Once more unto the beach

The first hint that our planned perfect day out at Crosby may not go to plan was the large apple that was thrown at the windscreen of the Taylor-Gee bus (our 7 seater) from the side of the M57 by a tracksuited child. The old bill were informed, they knew all about this idea for Saturday afternoon fun, and were on their way.

At a roundabout near the entrance to the docks was a posse of hoody youths flicking Vs at passing cars. We told our lads that they were waving to welcome us to Liverpool. Which in a way I suppose they were.

Following the signs to Antony Gormley's statues we parked up at the far side of Crosby Marina (as it turned out) and the kids played in a park for a bit. The hike to the dunes took a while, with most of us suffering from one ailment or another - I've got a gammy eye, Rachel's got the twins' party to worry about. Then there are the kids: one has a cold, two have a disorder called LOF (Lack of Football) which means they can't cope without a ball to kick around, and the hike made all of them tired.

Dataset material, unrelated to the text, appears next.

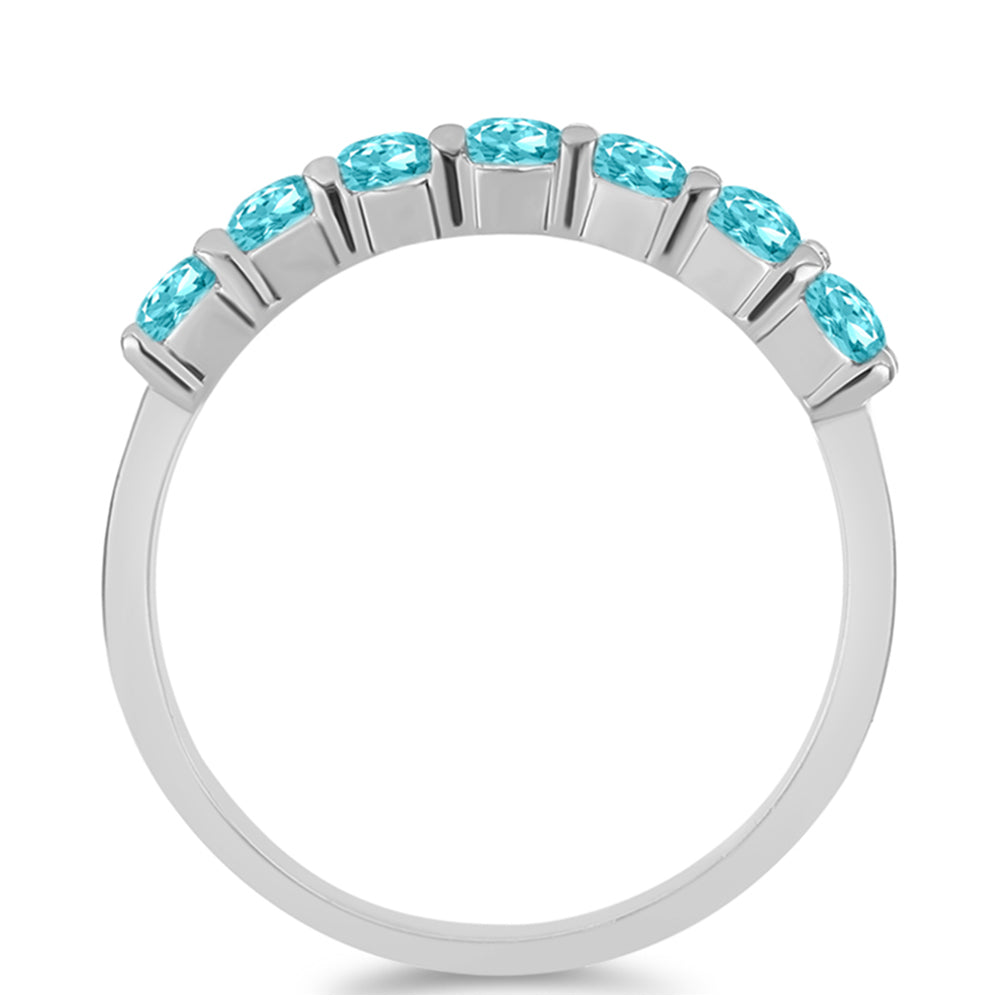 Anillo de Plata con Cuarzo Paraiba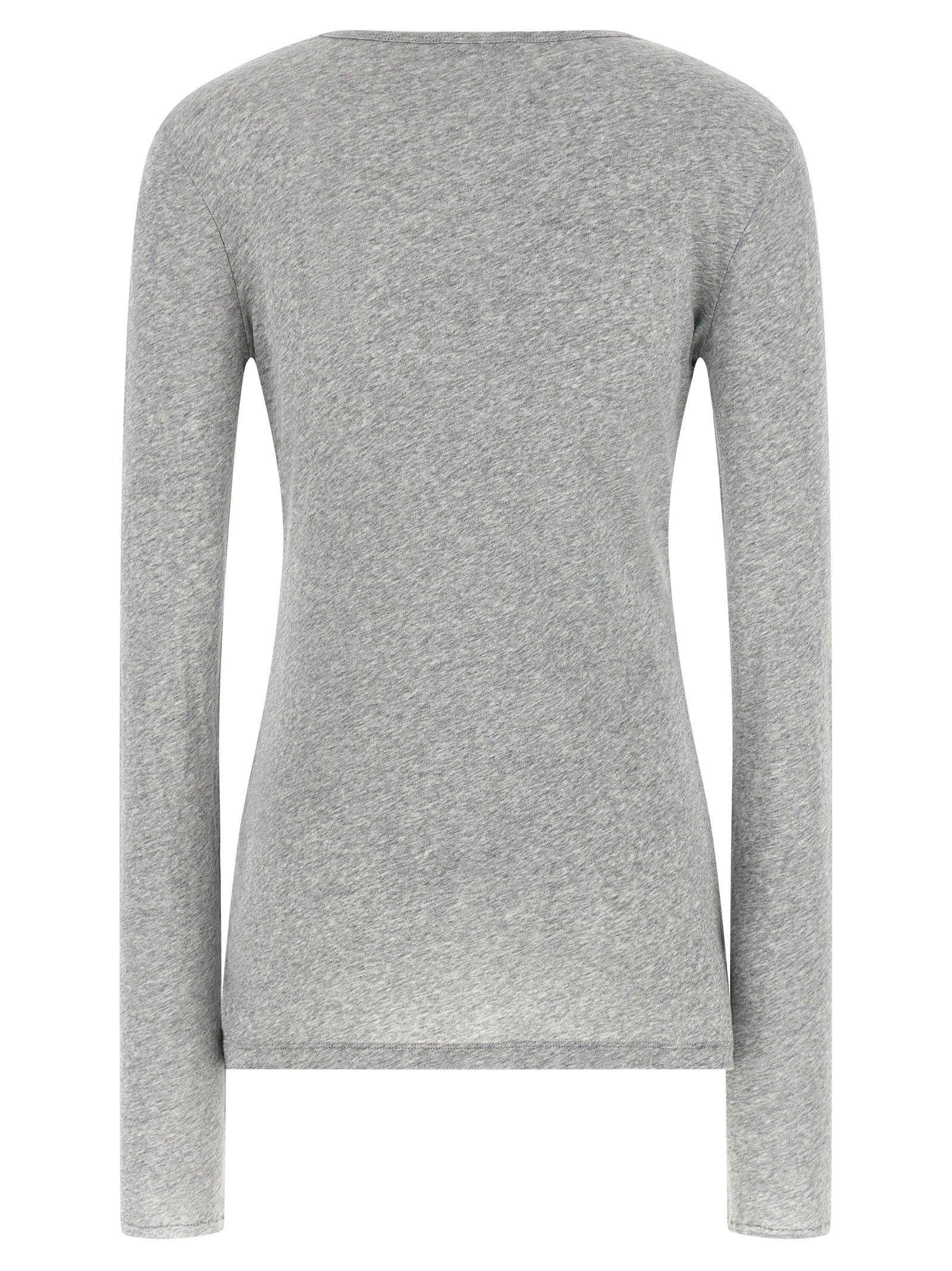 Gray Cotton Sweatshirt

The statues were great, and it was worth the trip to see them and to spark the kids fascination, even on a cold day. But the beach was effectively the municipal tip. Rubbish everywhere. Including syringes and broken bottles. Nice.

The dunes provided a more fertile space for imagination and play. But most of us seemed to have at least one close encounter with dog poo. And as much as I love my Timberland boots, getting it out with a lolly stick and a packet of wet wipes was a struggle.

Hungry kids need food by 4pm and Satterthwaites came to rescue. Even gently microwaved sausage rolls were crisp and tasty. Best I've ever had, said both Rachel and the senior lad. Too small, said one twin. The pork pies, as recommended by Dougal Paver, were warmed at home in the Aga and eaten with Marrowfat peas. I think we have another winner.

I'm reluctant to take cheap digs at Liverpool and draw conclusions about the European Capital of Culture 2008. But some of our memories of this day out consist of all of the above, plus more scally kids, a surly youth in a paper shop, a feral biker doing wheelies up Crosby's main drag on an off road trials bike, and the veneer of dog mess on the park. But this was my truth; tell me yours...

1 comment:

Mr Bevan, for sure said...

The truth in which Manchester is one of the most-crime ridden cities in the UK, with Liverpool's crime rates much smaller in comparison?

Or the one that a wearingly predictable anti-Liverpool Manchester bigot manages to "see" more crime and disorder in a single daytrip to Liverpool from his home in North West crime capital, Manchester than I have seen in years in the city? You visited Crosby for pity's sake - it's not the inner city.

Nevertheless that someone who is the editor of his purported "North West region" is so ignorant and prejudiced about one of the two biggest cities in the "region" his magazine is meant to cover - it confirms yet again the insanity of Liverpool ever being reported by Manchester-based media operations.

Too many Mancunians seem to be so bitter and insecure about Liverpool - somehow, deep down, they realise that, despite the now decades of ridiculous hype about their city issuing from the usually London-based media institutions that have parachuted "regional" offshoots into their city, the place, regenerated a somewhat or not, is really nothing special. A big, ugly, sprawly milltown with some London backoffices parachuted into it and some of the worst social and crime problems of a city in western Europe, not to mind the UK.

Harsh? Well you started it, and nothing of what I have written isn't true.